Da ordem do bizarro são as medidas de controlo do acesso a redes 
/peer-to-peer/. Como é possível saber que conteúdos estão a ser 
transferidos sem estar a violar o artº 194 do Código Penal Português, 
que pune especificamente a violação de correspondência e 
telecomunicações? Como seria possível distinguir entre um ficheiro 
copiado para uso privado, e outro para fins lucrativos? A única resposta 
que a indústria tem é a repressão indiscriminada, sem qualquer sinal de 
estar disposta a considerar os usos legítimos que a própria lei 
assegura. Usa redes /peer-to-peer/? É pirata, corte-se a ligação, e vai 
com sorte de não levar um processo.

Aos 'piratas' é atribuída a culpa da perda de receitas da indústria. Não 
se cita qualquer estudo que demonstre essa perda; os jornais de 
referência repetem o 'diz-que-disse' dos representantes da indústria. Os 
piratas são responsáveis pelo declínio dos video-clubes, lê-se, sem 
qualquer referência ao aparecimento de 'TV boxes' vendidas pela Vodafone 
ou PT que tornam o aluguer de filmes muito mais prático e cómodo.

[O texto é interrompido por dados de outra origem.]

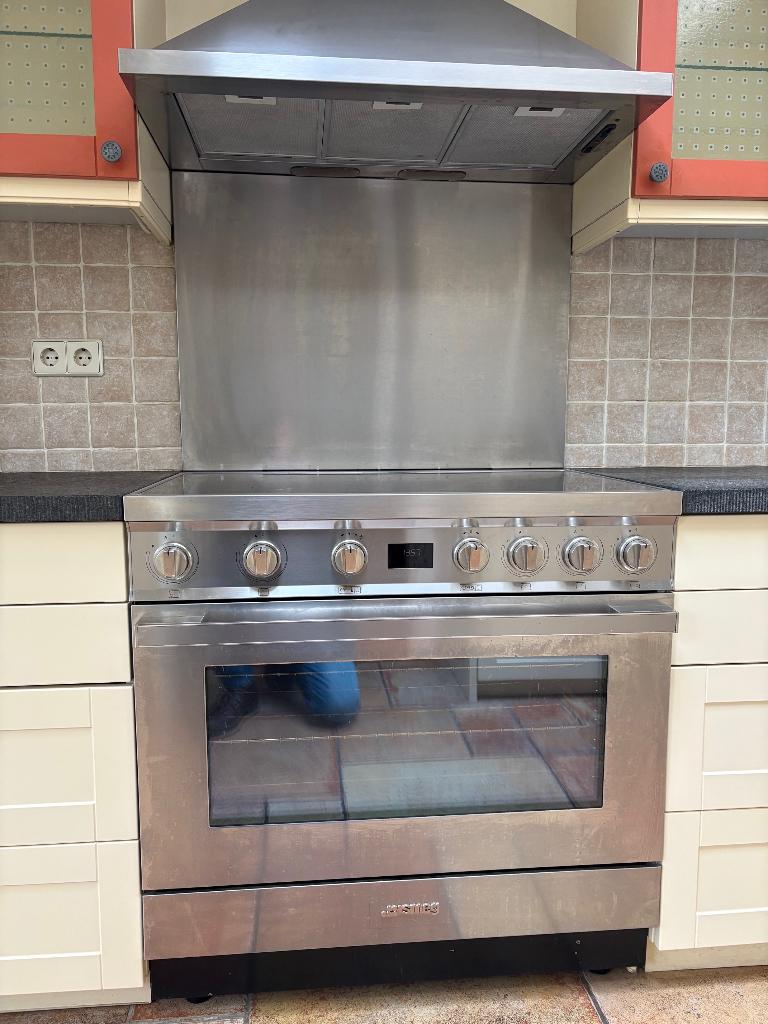 SMEG Inductie fornuis CPF9IPX en afzuigkap, Ophalen, 60 cm of meer, Zo goed als nieuw, Energieklasse A of zuiniger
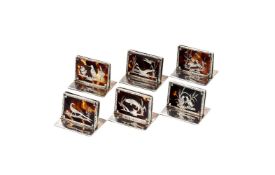 Y A CASED SET OF SIX SILVER AND TORTOISESHELL MENU HOLDERS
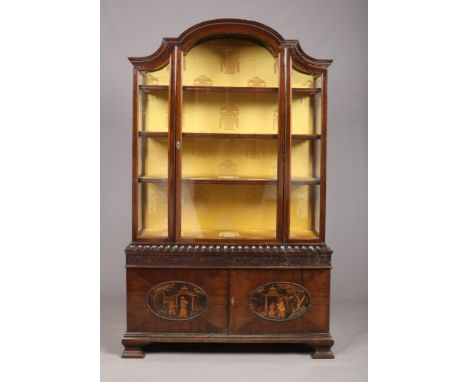 A Chinese Chippendale style mahogany dome top display cabinet. With gadrooned moulding, blind fret carved frieze and decorate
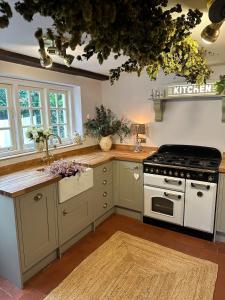 a kitchen with a stove and a sink at Spring Cottage in Hoylake
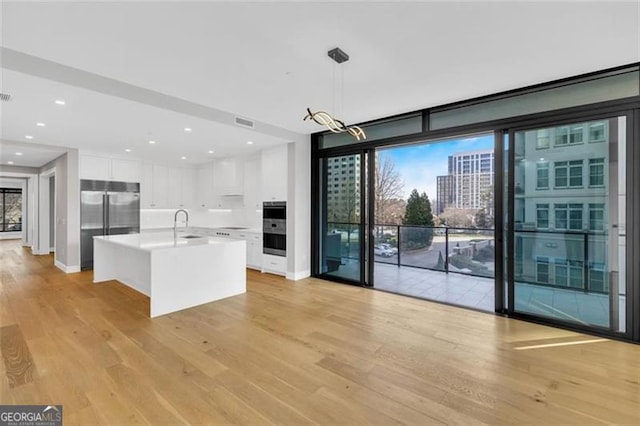 kitchen with double oven, white cabinetry, light wood finished floors, and recessed lighting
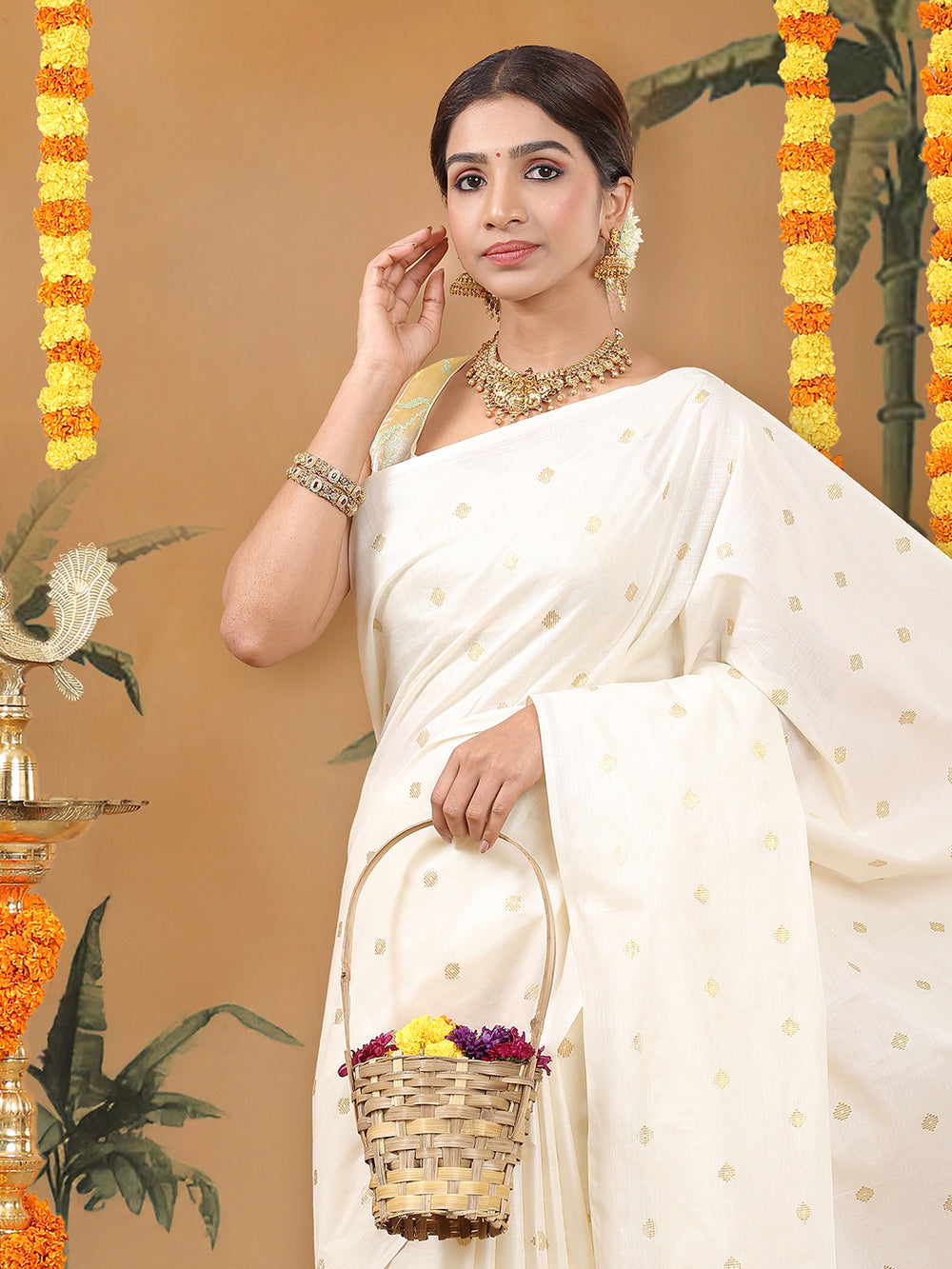 Off-White Borderless Cotton Saree with Golden Buttas & Olive Green Tassels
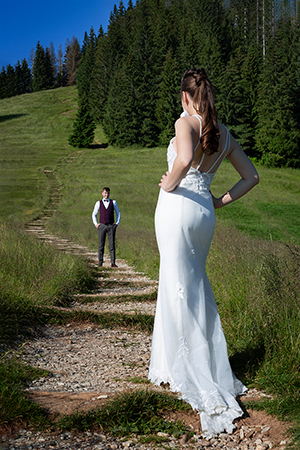 Bride is looking the groom from distance in a mountain photography session.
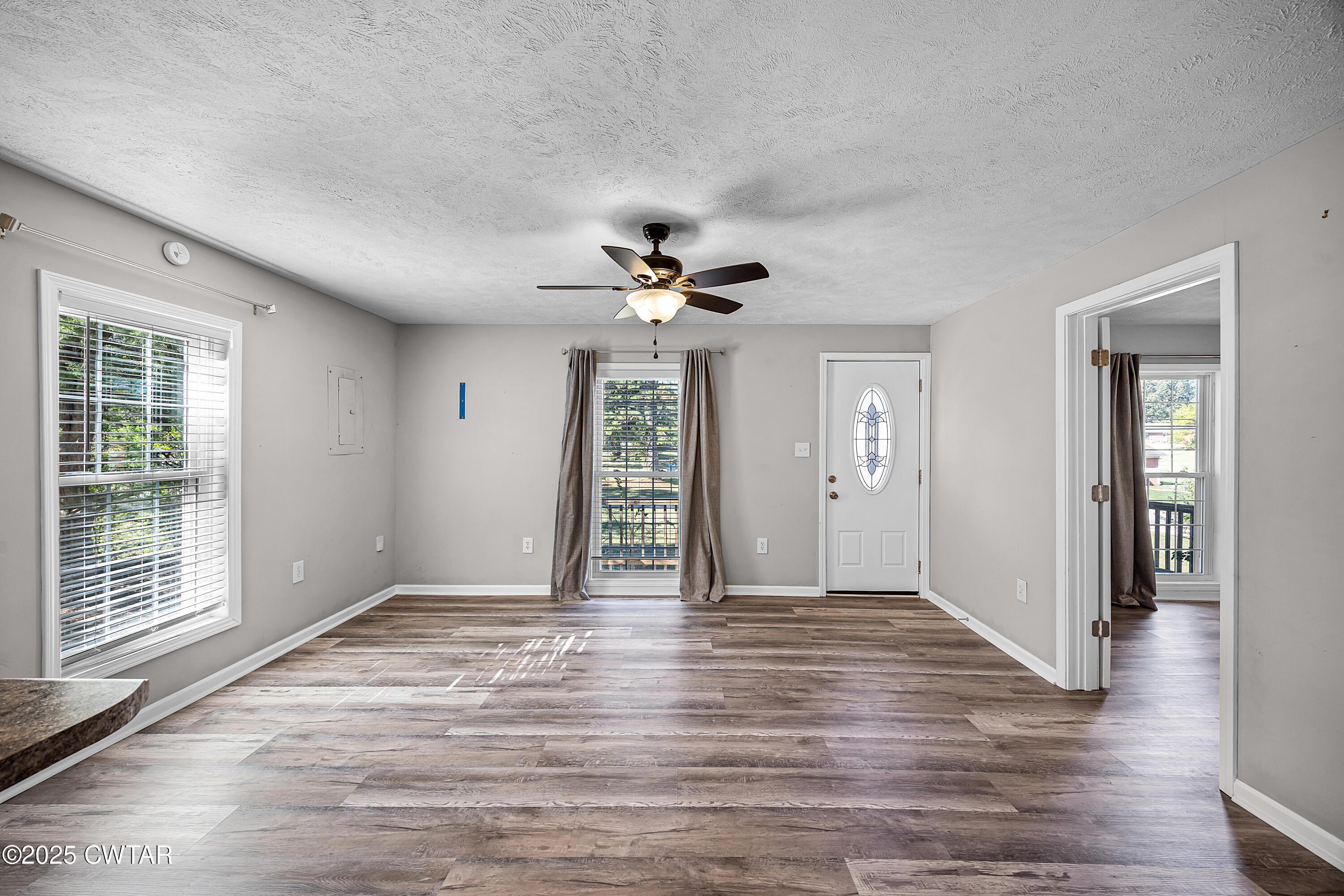 462 Mifflin Avenue Henderson, TN 38340 - Photo 3 of 18 a view of an empty room with wooden floor and a window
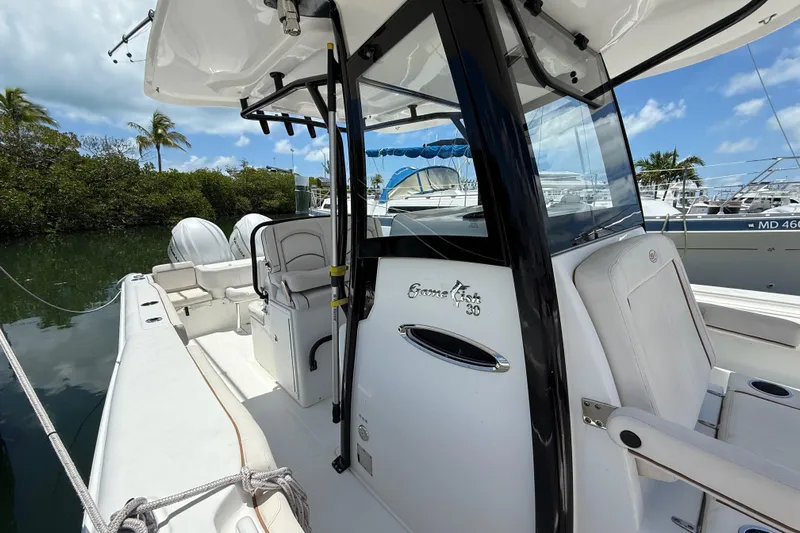 Afterthought Yacht Photos Pics 2022 Sea Hunt Gamefish 30 Coffin Box boat docked, featuring sleek design and comfortable seating.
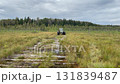 Swamp tractor powers through the marsh, selective focus. Rugged machinery meets raw nature on a handmade log road 131839487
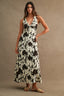 Woman wearing a floral dress against a beige background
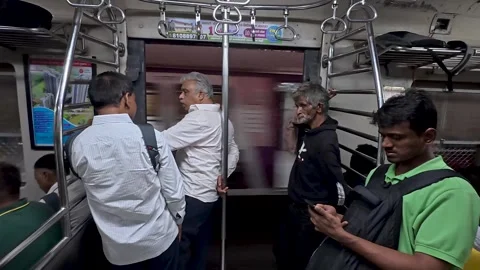 Passengers are standing, talking in local train 動画素材 336704998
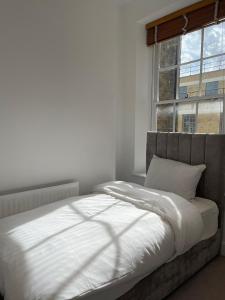 a bedroom with a white bed with a window at Kensington Luxury Apartments in London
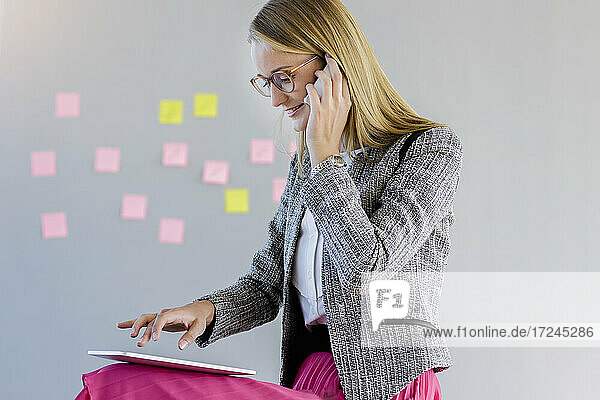 Unternehmerin  die mit einem Smartphone spricht  während sie im Büro ein digitales Tablet benutzt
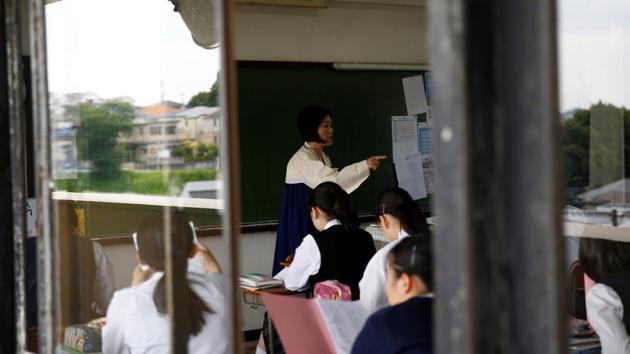 A teacher wearing traditional Korean clothes teaches English to her students at Kanagawa Korean Middle and High School. “I thought reunification was something in the distant future, especially with all the sanctions” on the North, said 17-year-old Paeng Yu Na, who attends one of about 60 schools across Japan affiliated with the North. (Kim Kyung-Hoon / REUTERS) A teacher wearing traditional Korean clothes teaches English to her students at Kanagawa Korean Middle and High School. “I thought reunification was something in the distant future, especially with all the sanctions” on the North, said 17-year-old Paeng Yu Na, who attends one of about 60 schools across Japan affiliated with the North. (Kim Kyung-Hoon / REUTERS)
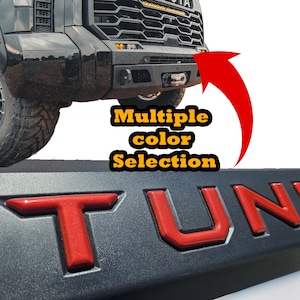 May include: Close-up of a black truck bumper with red lettering that spells out "TUNDRA". The image also includes the text "Multiple color Selection" in yellow and black.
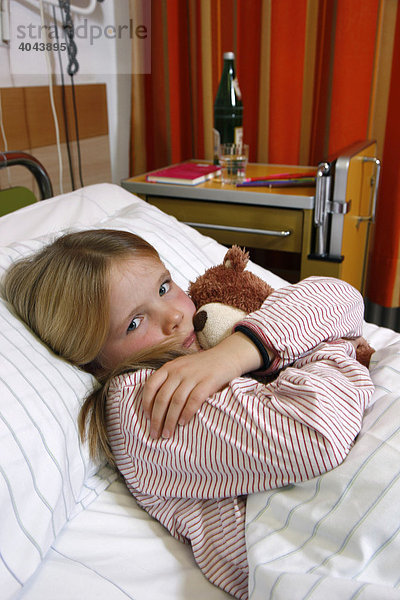 Mädchen  7 Jahre  mit Teddy im Bett im Krankenhaus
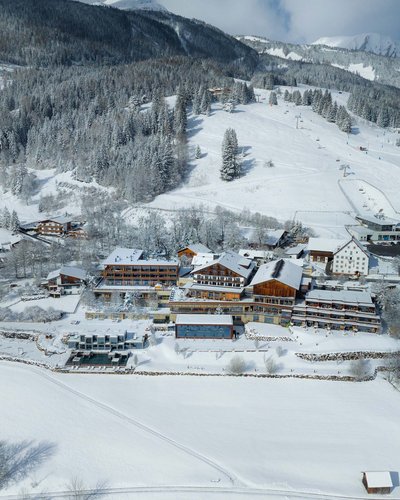 Verschneite Alpenlandschaft mit Skiresort und Bergwald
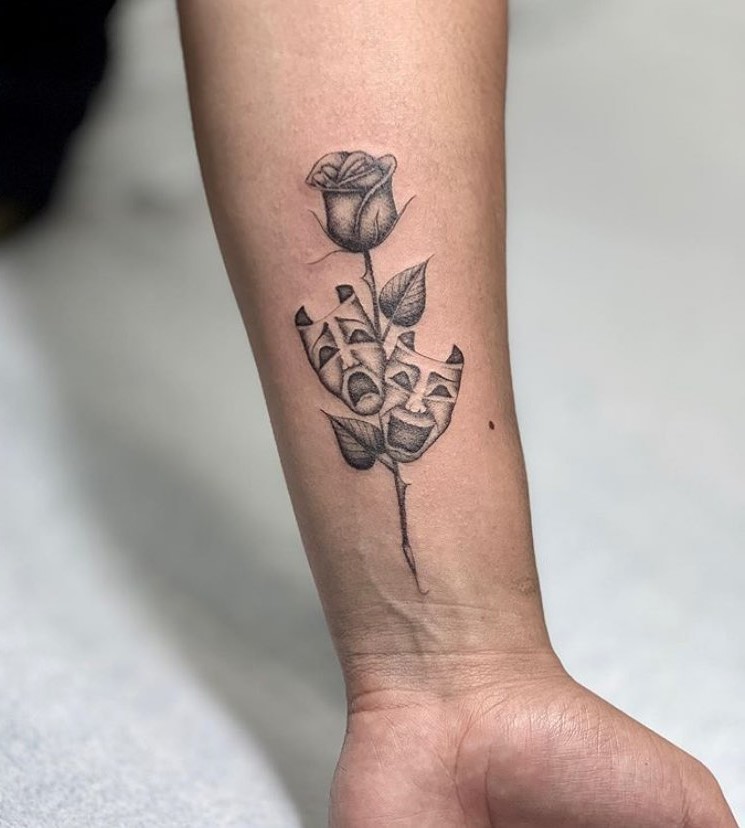 Smile Now Cry Later Mask with Rose Tattoo: Inner Wrist Elegance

Mas mesmo aceitando a tese da perda de lucros, surpreende que uma 
indústria tenha uma quebra de receitas quando trata o seu público-alvo 
desta forma? Passando 'sketches' a apelidar o público de criminoso antes 
de cada filme, introduzindo métodos invasivos de protecção à cópia que 
muitas vezes restringem os usos legítimos do produto comprado, e 
propondo mesmo a monitorização e controlo das ligações e transmissões 
privadas?

Somos naturalmente sensíveis às preocupações dos artistas no que toca às 
insuficiências do sistema de remuneração, que peca por uma distribuição 
deficiente das verbas obtidas entre os artistas, entre outros defeitos. 
É necessária abertura para repensar o direito de autor e a compensação à 
luz das novas tecnologias. No entanto, o silêncio dos artistas perante a 
real ameaça a direitos fundamentais de cidadania do seu público merece 
ser mencionado.

Pelo seu lado, a indústria sublinha que se está nas tintas para o 
público e defende que os litígios que a envolvem sejam resolvidos por 
uma entidade administrativa e não pelos tribunais (que 'tornam o 
processo demasiado lento', segundo o director-geral da AFP). 
Considerando que esta situação está prevista na lei, isto é muito grave.

Mas a questão mais perturbadora é a seguinte: como é que uma ministra de 
um Estado de Direito pode ir nesta conversa, esquecendo (?) a existência 
de uma lei que protege a cópia privada?